**Problem requirements**
Starting at the first line of the listing below, repeat each line exactly until you have repeated the one containing "OUTLET Beige Damenschuhe"; skip the pictures.

**Input data**
-*-

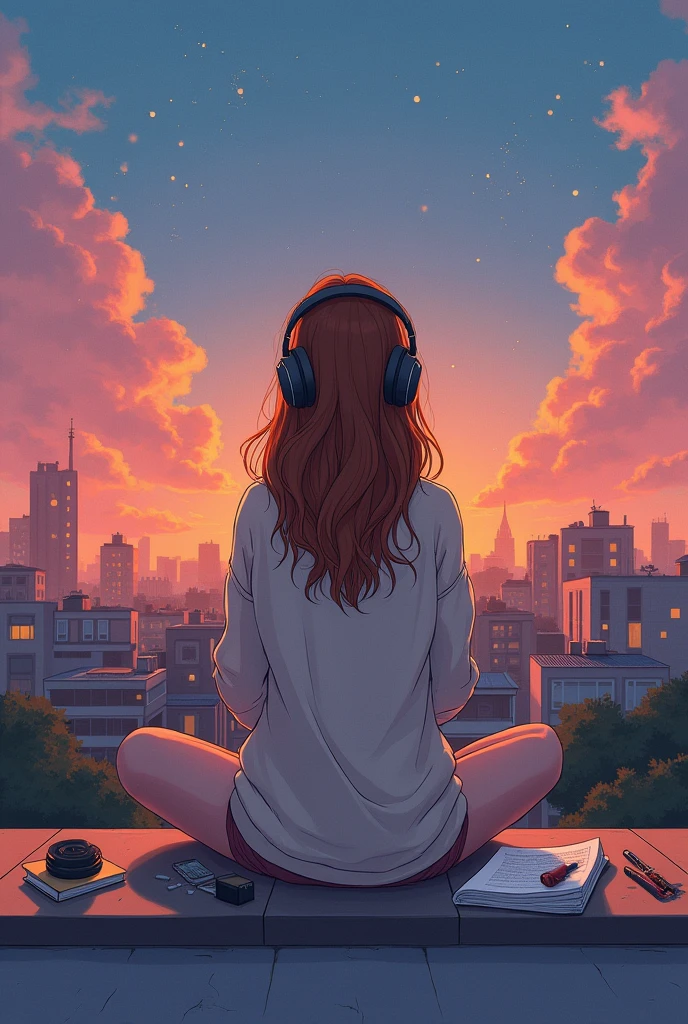 anime style scene of a woman with headphones on sideways, Lofi Stylestyle, in the style of atey ghailan, Lofi Style, inspired by Atey Ghailan, lofi hip hop, lofi girl, garota lofi aesthetics, atey ghailan 8k, Lofi hears, sitting on a roof, lofi aesthetics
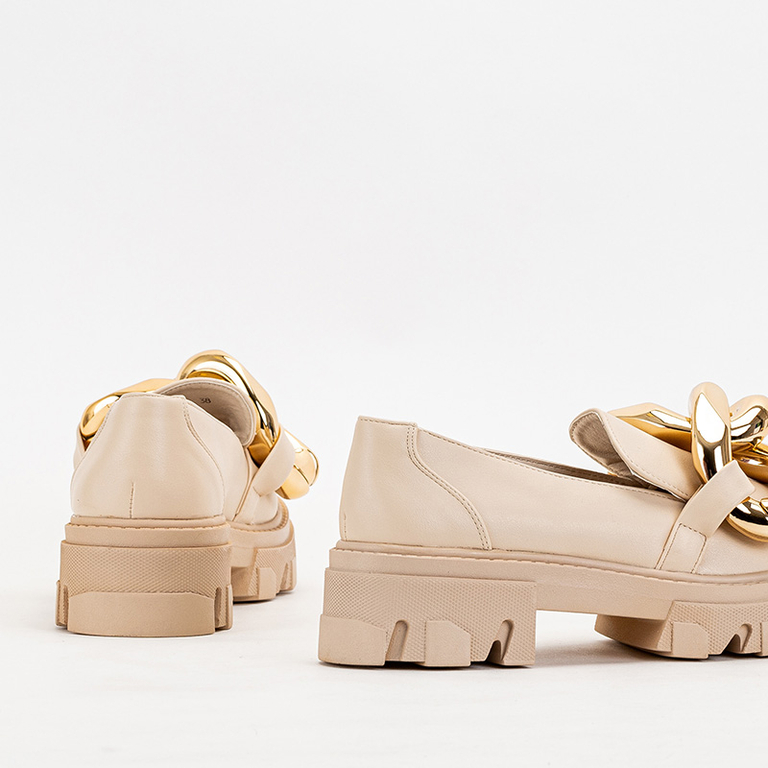 OUTLET Beige Damenschuhe mit goldener Kette Kesoni - Schuhe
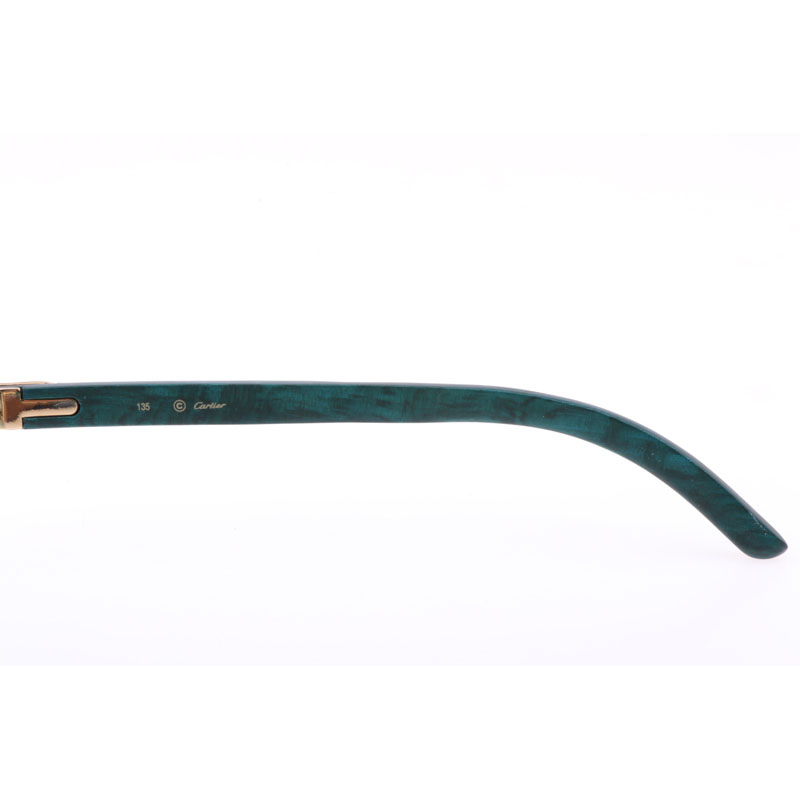 Cartier  8300818 Engrave Lens Wood Sunglasses In Silver Brown - DopestKickz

-*-

**Problem solution**
 anime style scene of a woman with headphones on sideways, Lofi Stylestyle, in the style of atey ghailan, Lofi Style, inspired by Atey Ghailan, lofi hip hop, lofi girl, garota lofi aesthetics, atey ghailan 8k, Lofi hears, sitting on a roof, lofi aesthetics
 OUTLET Beige Damenschuhe mit goldener Kette Kesoni - Schuhe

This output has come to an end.